Oracle’s president Charles Phillips was in London today hosting a discussion on Web 2.0 and Enterprise 2.0. Amongst a discussion that Dennis Howlett rightly categorizes as “interesting but not earth shattering” probably the most interesting news was that Oracle is in the process of setting up a dedicated Enterprise 2.0 sales force.
The new sales force will swing into action at the beginning of Oracle’s next financial year in June and will be tasked with turning customer interest in, and understanding of, the potential benefits of collaboration into working projects.
Duplicated across Oracle’s regions and reporting to the regional head, the Enterprise 2.0 sales team lead with the WebCenter platform for composite applications, as well as more traditional software products such as Oracle Portal and what was formerly Stellent content management software. Oracle’s Beehive next-generation collaboration platform will also be in the mix, although Charles was less forthcoming about the details of the new enterprise collaboration product.
What he did say is that the Enterprise 2.0 sales force will be made up of both BEA and Oracle sales and consulting experts and will make use of the Oracle Insight Program consulting service to analyze customers’ business processes to identify opportunities for the deployment of internal and external collaborative applications \.
The sales force will engage with both business and IT managers and will have an eye on enabling enterprise-wide strategic adoption of collaborative software, although most of the obvious opportunities are likely to be departmental or focused on specific applications – such as CRM and SCM.
Charles Phillips noted that there is customer interest in Enterprise 2.0, but that a lot of education is still required to turn that into deployments. He said the question he asked customers is “are there groups of people you’d like to collaborate with more easily?”
Given that most companies are interested in the views of their customers and uncovering unfulfilled demand, the answer to that is invariably “yes”, but then the conversation has to move on to identifying business processes that can make use of collaborative technologies and examining use cases. That will be the role of the new sales force.
With customer deployments thin on the ground Charles also shared some details of how Oracle is making use of collaborative technologies. The company is currently working on a new collaborative environment for training partners on its product stack, for example, in recognition that given Oracle’s rapid rate of acquisitions it is difficult and expensive for partners to keep up to date – and difficult and expensive for Oracle to keep its partners up to date.
On the developer side there’s Oracle Mix, which sees the company extending its collaboration with the developer and user communities beyond its user trade shows, and providing an environment where it can quickly respond to customer feedback. Oracle is also using collaborative technologies within its internal developer and sales organizations to make it easier for employees to identify experts and expertise with the organization.

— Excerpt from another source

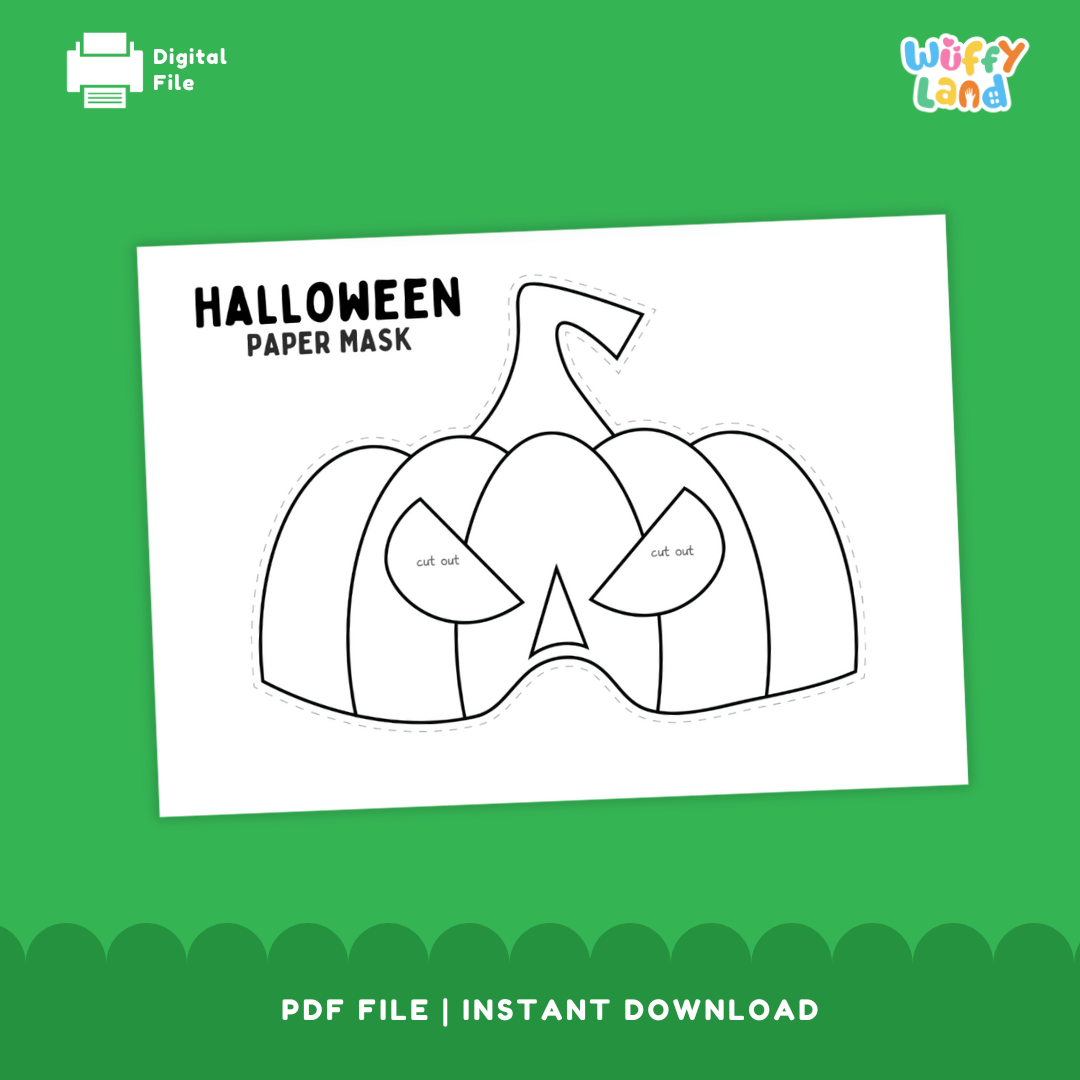 Halloween Pumpkin Paper Mask – Printable Craft (Color + B&W)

Kathleen recently noted that social enterprise or Enterprise 2.0 software is not a market in and of itself and that the market for internal applications is likely to be dominated by IBM and Microsoft given their dominance in traditional collaboration software. If Oracle is to crack this market, it probably does need to be more proactive about taking the Enterprise 2.0 message to existing and potential customers.
If we assume that Enterprise 2.0 is not a market, then a dedicated Enterprise 2.0 sales force is probably not a long-term strategy. In terms of identifying new collaborative application opportunities the market and pointing customers in the right direction, it does make sense, however.
What did come across in the conversation is that this is designed to be a practical and pragmatic approach that will hand-hold customers into Enterprise 2.0 adoption, rather than just slapping some 2.0 t-shirts on the sales team and sending them off on the back of the bandwagon.